KR20110065777A - Flexible organic light emitting diodde desplay device and fabricating method of the same - Google Patents

Abstract

PURPOSE: A flexible organic light emitting diode display device and a method for manufacturing the same are provided to secure the flexibility and efficiently prevent the penetration of moisture by forming a sealing layer based on a shape memory alloy. CONSTITUTION: An organic thin film transistor formed on a flexible substrate(FSUB) based on an elastic organic material. The flexible substrate includes either of a metal thin film or thin film type transparent plastic. An organic light emitting diode(OLED) is in connection with the organic thin film transistor. A resin protective layer covers the organic thin film transistor and the organic light emitting diode. A sealing layer(CAP) includes a shape memory alloy covering the lateral side and the upper side of the resin protective layer.

Description

Flexible organic light emitting diode display and manufacturing method thereof {FLEXIBLE ORGANIC LIGHT EMITTING DIODDE DESPLAY DEVICE AND FABRICATING METHOD OF THE SAME}

The present invention relates to a flexible organic light emitting diode display and a method of manufacturing the same. In particular, the present invention relates to an encapsulation method for protecting a flexible organic light emitting diode display device from external moisture ingress, and a flexible organic light emitting diode display device by the method.
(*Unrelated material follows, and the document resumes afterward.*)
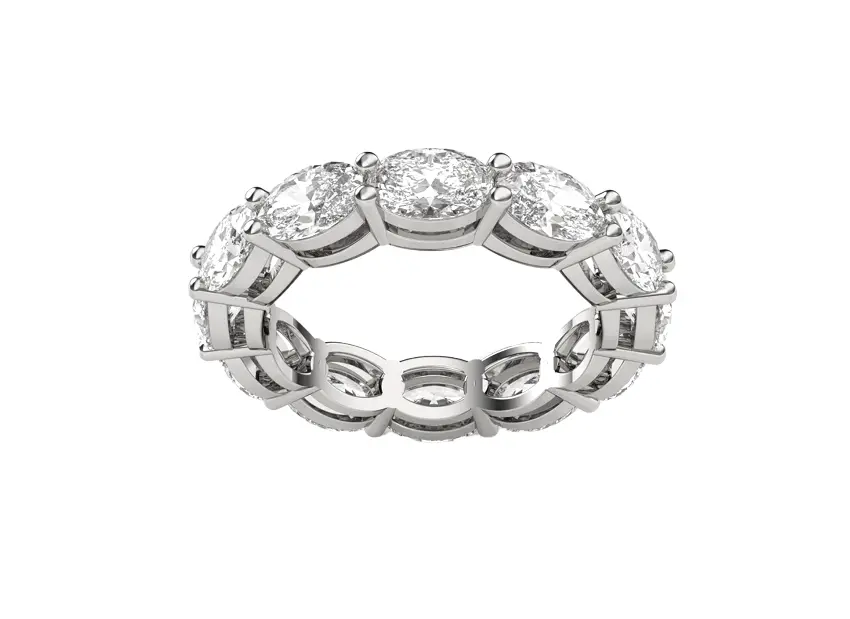 ECLIPTA - 0.50 ct each Oval diamond eternity band ring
Recently, various flat panel displays have been developed to reduce weight and volume, which are disadvantages of cathode ray tubes. Such flat panel displays include liquid crystal displays (LCDs), field emission displays (FEDs), plasma display panels (PDPs), and electroluminescence devices (ELs). have.

Electroluminescent devices are classified into inorganic electroluminescent devices and organic light emitting diode devices according to the material of the light emitting layer. The self-emitting devices use self-light emitting devices, which have a fast response speed and high luminous efficiency, luminance, and viewing angle. The organic light emitting diode display has an organic light emitting diode (OLED) as shown in FIG. 1.

The OLED includes an organic electroluminescent compound layer electroluminescent as shown in FIG. 1, and a cathode and an anode facing each other with the organic electroluminescent compound layer interposed therebetween. The organic electroluminescent compound layer includes a hole injection layer (HIL), a hole transport layer (HTL), an emission layer (EML), an electron transport layer (ETL), and an electron injection layer (Electron injection). layer, EIL). The OLED forms an excitation in the excitation process when holes and electrons injected into the cathode electrode and the cathode recombine in the emission layer EML and emit light due to energy from the excitons.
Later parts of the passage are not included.